*Work to be completed:*
Please return the lines of the data that contain "Party".

--

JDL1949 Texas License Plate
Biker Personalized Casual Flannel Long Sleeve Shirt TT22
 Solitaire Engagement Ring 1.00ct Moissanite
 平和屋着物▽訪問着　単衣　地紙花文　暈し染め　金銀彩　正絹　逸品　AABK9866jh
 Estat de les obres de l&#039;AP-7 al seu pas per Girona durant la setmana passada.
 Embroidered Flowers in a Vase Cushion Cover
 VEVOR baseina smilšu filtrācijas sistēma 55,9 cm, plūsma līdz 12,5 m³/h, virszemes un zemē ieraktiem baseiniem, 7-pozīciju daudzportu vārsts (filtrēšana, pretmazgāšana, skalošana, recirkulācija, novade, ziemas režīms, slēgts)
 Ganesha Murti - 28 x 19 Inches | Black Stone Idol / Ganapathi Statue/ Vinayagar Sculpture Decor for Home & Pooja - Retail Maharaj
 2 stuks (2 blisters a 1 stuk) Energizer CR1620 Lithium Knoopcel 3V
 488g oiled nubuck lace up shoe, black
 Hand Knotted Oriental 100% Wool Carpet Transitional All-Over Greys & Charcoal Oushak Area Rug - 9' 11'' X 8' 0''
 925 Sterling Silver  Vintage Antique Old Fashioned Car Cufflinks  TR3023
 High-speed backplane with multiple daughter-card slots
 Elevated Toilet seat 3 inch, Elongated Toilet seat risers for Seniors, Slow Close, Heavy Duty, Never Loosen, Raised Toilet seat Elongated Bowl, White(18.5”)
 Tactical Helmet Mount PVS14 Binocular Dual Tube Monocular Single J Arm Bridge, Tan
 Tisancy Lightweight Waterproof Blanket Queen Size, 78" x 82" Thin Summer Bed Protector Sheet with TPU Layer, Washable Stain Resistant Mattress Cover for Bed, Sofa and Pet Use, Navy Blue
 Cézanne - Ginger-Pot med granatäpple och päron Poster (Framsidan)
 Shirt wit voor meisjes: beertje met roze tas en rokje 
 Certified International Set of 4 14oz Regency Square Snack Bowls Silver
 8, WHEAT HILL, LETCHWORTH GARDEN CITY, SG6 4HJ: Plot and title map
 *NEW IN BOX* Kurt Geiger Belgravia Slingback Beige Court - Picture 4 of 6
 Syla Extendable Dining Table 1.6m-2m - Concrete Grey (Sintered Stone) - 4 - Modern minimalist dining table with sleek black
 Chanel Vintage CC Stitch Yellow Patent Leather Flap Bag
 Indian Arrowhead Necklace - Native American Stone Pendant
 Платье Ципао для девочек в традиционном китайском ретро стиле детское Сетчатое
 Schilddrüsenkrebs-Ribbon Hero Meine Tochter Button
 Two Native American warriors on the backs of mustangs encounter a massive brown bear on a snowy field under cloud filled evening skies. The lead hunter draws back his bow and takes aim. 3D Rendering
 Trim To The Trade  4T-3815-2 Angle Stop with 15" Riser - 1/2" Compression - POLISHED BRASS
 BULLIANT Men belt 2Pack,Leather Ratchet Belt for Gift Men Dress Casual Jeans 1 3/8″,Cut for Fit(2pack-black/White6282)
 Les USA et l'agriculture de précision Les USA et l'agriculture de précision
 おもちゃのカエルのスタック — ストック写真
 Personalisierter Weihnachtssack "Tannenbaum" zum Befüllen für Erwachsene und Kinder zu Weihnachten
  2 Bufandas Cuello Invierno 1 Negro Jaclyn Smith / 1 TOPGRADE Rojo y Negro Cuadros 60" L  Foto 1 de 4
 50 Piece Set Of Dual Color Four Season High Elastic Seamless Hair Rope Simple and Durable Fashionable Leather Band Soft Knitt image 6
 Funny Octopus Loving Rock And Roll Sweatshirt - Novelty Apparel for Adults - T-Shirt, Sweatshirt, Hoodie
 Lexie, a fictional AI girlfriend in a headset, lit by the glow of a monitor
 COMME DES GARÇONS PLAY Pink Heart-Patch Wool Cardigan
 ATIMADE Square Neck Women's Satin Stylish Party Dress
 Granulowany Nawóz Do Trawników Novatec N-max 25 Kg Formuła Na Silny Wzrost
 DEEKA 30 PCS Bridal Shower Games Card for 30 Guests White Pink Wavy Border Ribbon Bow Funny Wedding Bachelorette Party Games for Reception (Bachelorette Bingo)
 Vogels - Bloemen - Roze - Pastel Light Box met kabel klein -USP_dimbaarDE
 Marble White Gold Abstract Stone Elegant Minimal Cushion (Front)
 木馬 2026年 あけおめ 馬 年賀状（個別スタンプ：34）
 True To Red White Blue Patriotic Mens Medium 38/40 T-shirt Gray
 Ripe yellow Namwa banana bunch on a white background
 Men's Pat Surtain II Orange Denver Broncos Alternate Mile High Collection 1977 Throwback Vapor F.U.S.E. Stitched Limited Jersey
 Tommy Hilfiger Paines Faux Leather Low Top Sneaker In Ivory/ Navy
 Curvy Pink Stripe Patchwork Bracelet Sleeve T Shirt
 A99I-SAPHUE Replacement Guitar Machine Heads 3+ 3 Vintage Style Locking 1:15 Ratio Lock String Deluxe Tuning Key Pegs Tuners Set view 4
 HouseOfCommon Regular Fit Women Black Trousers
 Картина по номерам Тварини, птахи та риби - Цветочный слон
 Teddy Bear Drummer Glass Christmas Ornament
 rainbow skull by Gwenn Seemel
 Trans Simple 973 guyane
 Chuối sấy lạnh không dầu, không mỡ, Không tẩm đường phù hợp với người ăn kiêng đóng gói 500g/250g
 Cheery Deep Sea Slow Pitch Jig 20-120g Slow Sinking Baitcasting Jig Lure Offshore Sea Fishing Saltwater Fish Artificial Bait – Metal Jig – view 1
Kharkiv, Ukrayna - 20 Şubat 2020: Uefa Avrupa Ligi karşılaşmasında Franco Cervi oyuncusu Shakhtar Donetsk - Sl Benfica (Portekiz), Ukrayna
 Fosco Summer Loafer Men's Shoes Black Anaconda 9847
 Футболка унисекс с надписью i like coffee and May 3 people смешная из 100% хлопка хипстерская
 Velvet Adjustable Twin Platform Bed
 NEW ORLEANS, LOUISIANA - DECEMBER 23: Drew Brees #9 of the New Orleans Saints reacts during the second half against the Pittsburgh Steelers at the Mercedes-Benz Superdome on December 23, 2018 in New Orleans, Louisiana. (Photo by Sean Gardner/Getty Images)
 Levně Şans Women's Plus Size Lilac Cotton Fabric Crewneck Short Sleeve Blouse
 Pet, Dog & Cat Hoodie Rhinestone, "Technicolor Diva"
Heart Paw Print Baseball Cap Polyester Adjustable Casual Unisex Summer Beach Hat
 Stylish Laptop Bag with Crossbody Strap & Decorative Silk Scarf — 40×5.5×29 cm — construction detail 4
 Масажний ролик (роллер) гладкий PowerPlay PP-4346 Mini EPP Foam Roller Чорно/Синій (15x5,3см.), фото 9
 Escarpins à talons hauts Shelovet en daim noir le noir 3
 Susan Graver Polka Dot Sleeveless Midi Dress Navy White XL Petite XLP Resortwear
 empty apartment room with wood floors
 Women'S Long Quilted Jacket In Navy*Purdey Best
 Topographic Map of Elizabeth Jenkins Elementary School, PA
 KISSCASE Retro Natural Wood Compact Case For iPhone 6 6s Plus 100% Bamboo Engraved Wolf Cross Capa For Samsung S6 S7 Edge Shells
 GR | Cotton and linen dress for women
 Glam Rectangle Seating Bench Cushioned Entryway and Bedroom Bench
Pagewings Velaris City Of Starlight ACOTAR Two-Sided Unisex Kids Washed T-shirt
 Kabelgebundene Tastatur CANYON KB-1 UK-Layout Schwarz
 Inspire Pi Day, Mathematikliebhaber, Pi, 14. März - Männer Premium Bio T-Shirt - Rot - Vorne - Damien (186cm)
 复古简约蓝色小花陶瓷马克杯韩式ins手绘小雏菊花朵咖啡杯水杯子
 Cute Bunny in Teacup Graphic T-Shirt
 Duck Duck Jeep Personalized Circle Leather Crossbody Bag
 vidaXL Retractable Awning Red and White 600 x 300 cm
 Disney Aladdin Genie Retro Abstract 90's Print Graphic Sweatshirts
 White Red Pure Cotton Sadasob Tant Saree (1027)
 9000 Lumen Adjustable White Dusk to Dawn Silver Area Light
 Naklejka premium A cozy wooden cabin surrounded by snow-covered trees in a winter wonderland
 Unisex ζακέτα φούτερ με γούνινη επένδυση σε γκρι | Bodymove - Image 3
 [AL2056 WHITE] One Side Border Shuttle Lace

--

*Task output:*
 ATIMADE Square Neck Women's Satin Stylish Party Dress
 DEEKA 30 PCS Bridal Shower Games Card for 30 Guests White Pink Wavy Border Ribbon Bow Funny Wedding Bachelorette Party Games for Reception (Bachelorette Bingo)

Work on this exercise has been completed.